What is required >>
The lines from the one containing "Pretty Flying Hot" through the last one in the data: please copy those exactly, and only those, without the pictures.

Dataset section >>
=== Section Start ===

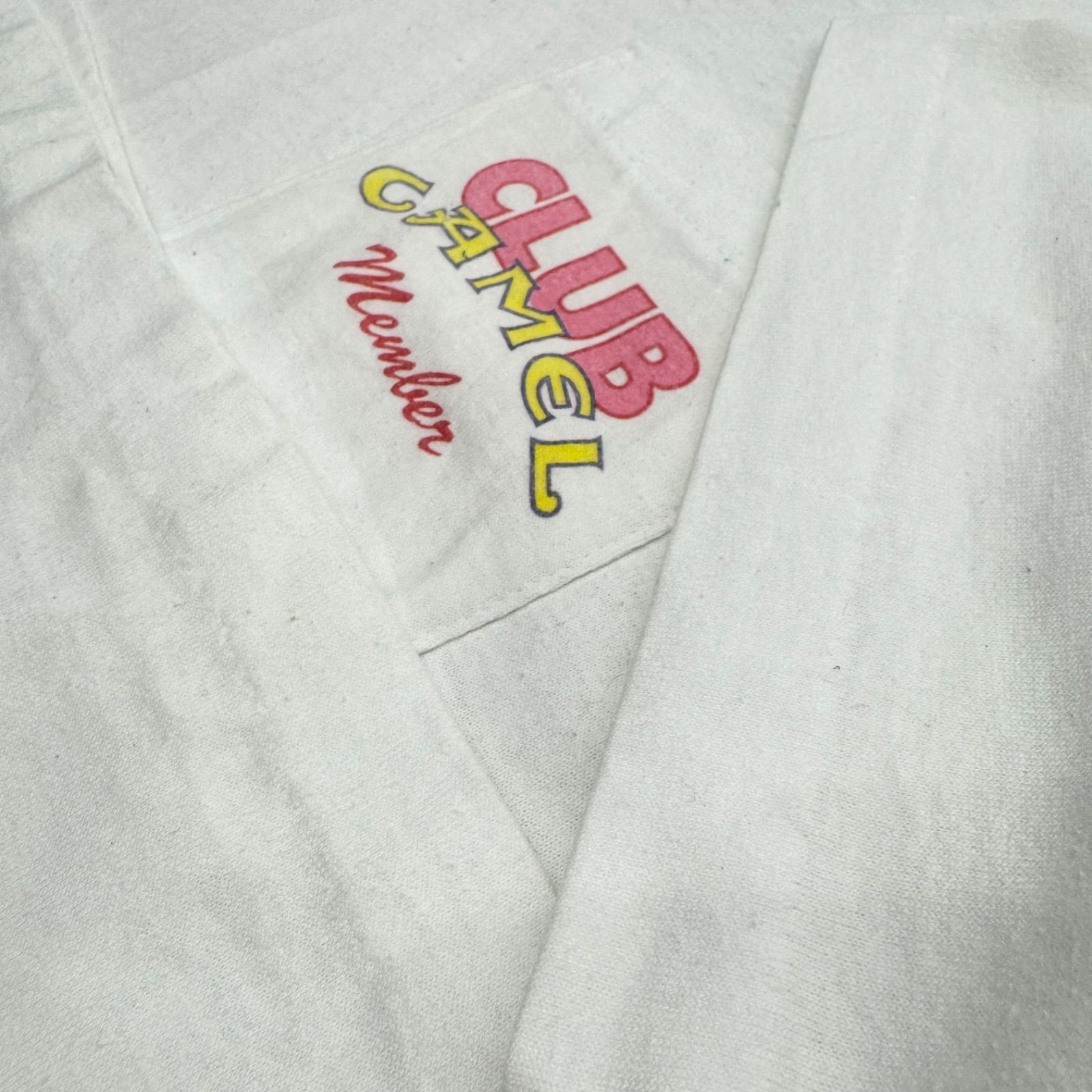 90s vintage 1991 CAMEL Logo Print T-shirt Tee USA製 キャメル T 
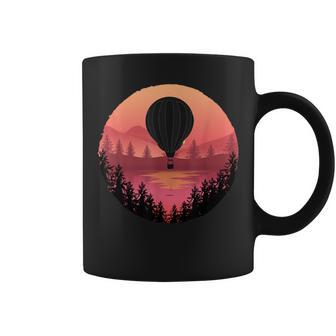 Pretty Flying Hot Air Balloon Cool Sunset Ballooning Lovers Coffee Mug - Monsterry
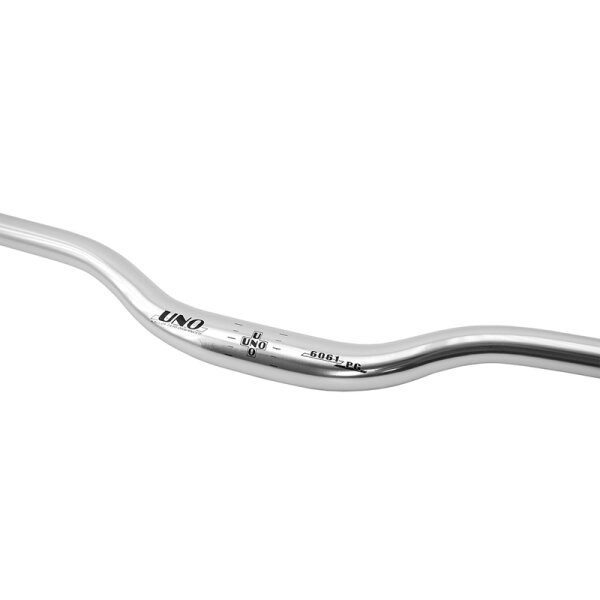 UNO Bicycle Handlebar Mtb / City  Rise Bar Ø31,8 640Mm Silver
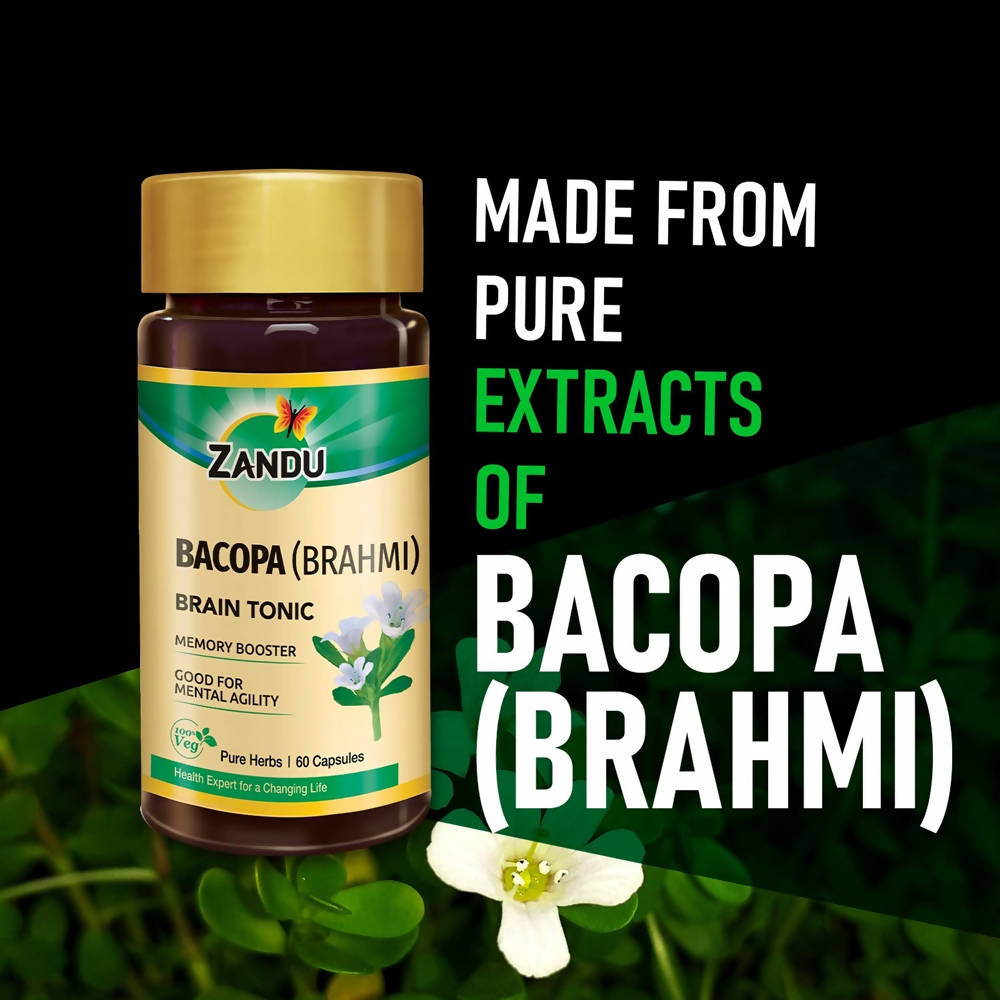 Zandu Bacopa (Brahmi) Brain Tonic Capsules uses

=== Section End ===

Problem solution >>
 Pretty Flying Hot Air Balloon Cool Sunset Ballooning Lovers Coffee Mug - Monsterry
 UNO Bicycle Handlebar Mtb / City  Rise Bar Ø31,8 640Mm Silver
 Zandu Bacopa (Brahmi) Brain Tonic Capsules uses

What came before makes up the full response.